Natural Graphics Processing Unit  (NPU)
    This is a simple GPU with four 32-bit cores .  It contains 4 Processing
      Elements (PE or core). Each PE has 32 registers,  one ALU and Local data
      store  (LDS).  It also includes a random number generator  32 bits 4x8. 
      It has 16Kx32 bits of memory. The memory is interface with processor with
      BUF (buffer unit) connected to LDS.  LDS communicates to all PEs in
      parallel.  NPU operates in Single Instruction Multiple Data (SIMD) mode. 

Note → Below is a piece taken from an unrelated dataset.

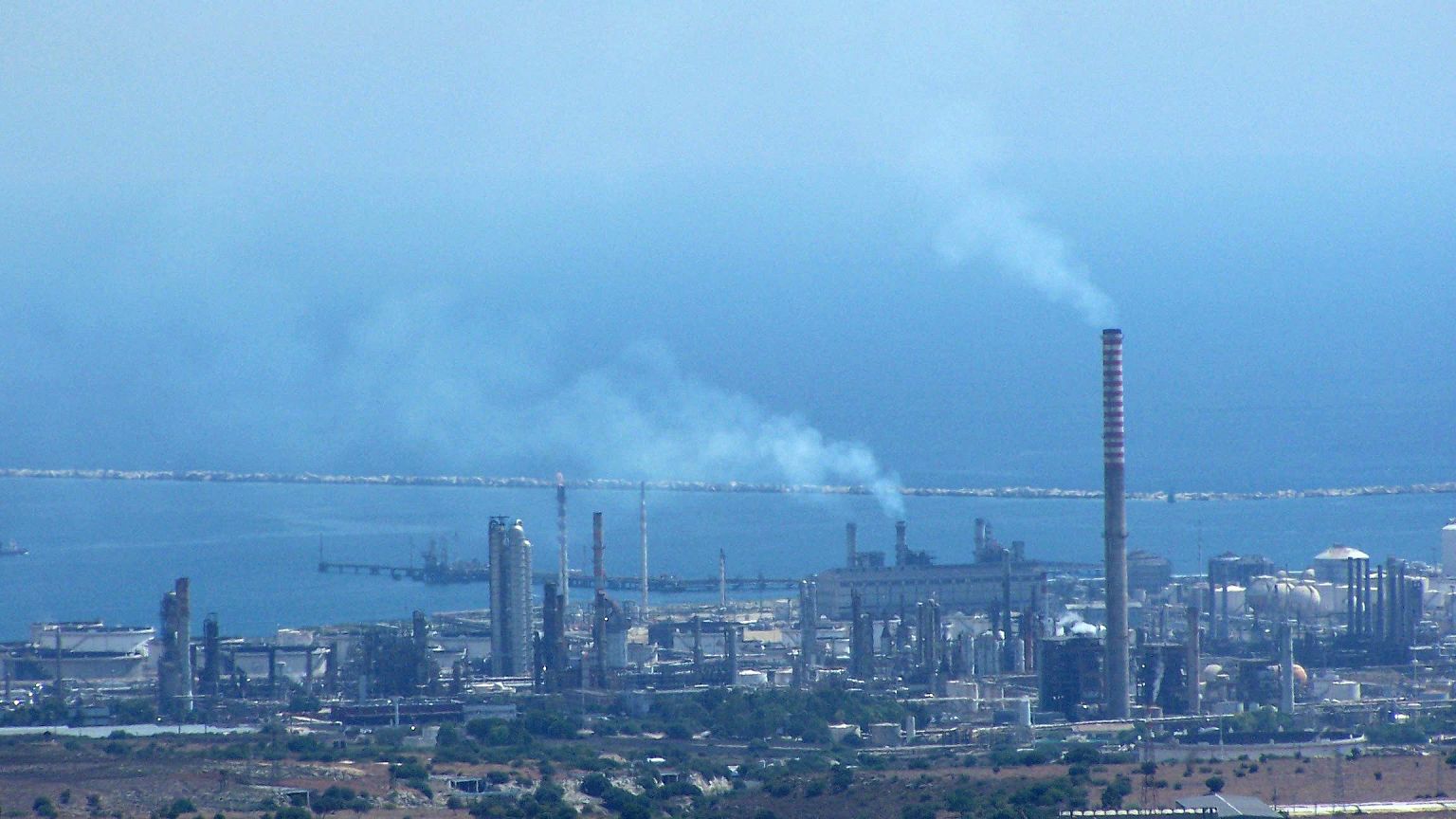 Ambiente: sotto sequestro impianti petrolchimico di Siracusa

      That is, every PE runs the same program in synchrony.  So, NPU has only
      one control unit.  It has one program counter (PC) and one Instruction
      Register (IR).  Its instruction has fixed size of 32 bits.  
    
    
    
    
    Instruction format
    op:8 a1:14 a2:5 a3:5 
    a1 is ads  or #n 14 bits
    a1 is ls, r3
    a2 is r1
    a3 is r2 
    ls 0,1,2,3
      r 0..31
    
    Data
      ld ls @ads      LDS[ls] = M[ads]     ls = 0,1,2,3
      st ls @ads      M[ads] = LDS[ls]
      ldr r           R[r] = LDS         r = 0..31
      str r           LDS = R[r]
      ldx ls r1 r2    LDS[ls] = M[R[r1]+R[r2]]   load indirect (index)

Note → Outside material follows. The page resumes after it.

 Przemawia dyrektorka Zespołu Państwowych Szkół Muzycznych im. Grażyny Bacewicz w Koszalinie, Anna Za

      stx ls r1 r2    M[R[r1]+R[r2]] = LDS[ls]   store index
      ldw @ads        LDS = M[ads]         load wide
      bc r ls         R[r] = LDS[ls]       broadcast
      
    ALU operations
      add r3 r1 r2    R[r3] = R[r1] + R[r2]

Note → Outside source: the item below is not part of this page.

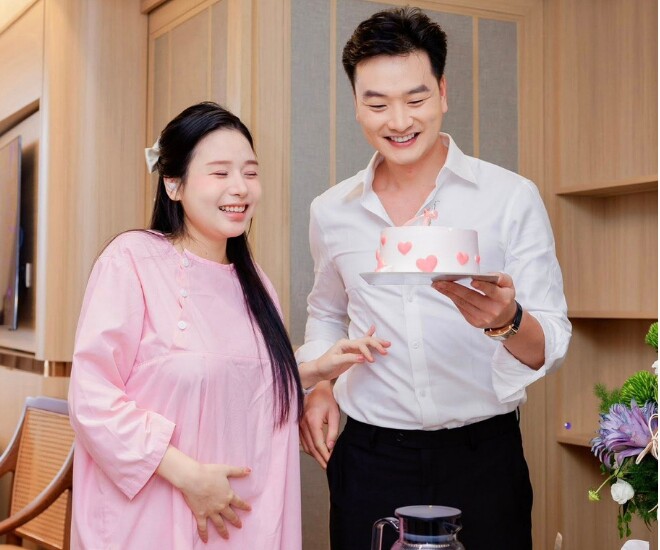 Dàn nam thần VTV chiều vợ bầu cực khéo: Hot boy Nhật Ký Vàng Anh vụng về vẫn lao vào bếp, trùm cuối tặng cả kim cương - 1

      sub r3 r1 r2    R[r3] = R[r1] - R[r2]
      mul r3 r1 r2    R[r3] = R[r1] * R[r2]
      ashr r3 r1 #n   R[r3] = R[r1] >> n
      addi r3 r1 #n   R[r3] = R[r1] + n
      and r3 r1 r2    R[r3] = R[r1] & R[r2]
      or  r3 r1 r2    R[r3] = R[r1] | R[r2]
      xor r3 r1 r2    R[r3] = R[r1] ^ R[r2]
      lt r3 r1 r2     R[r3] = R[r1] <  R[r2]
      le r3 r1 r2     R[r3] = R[r1] <= R[r2]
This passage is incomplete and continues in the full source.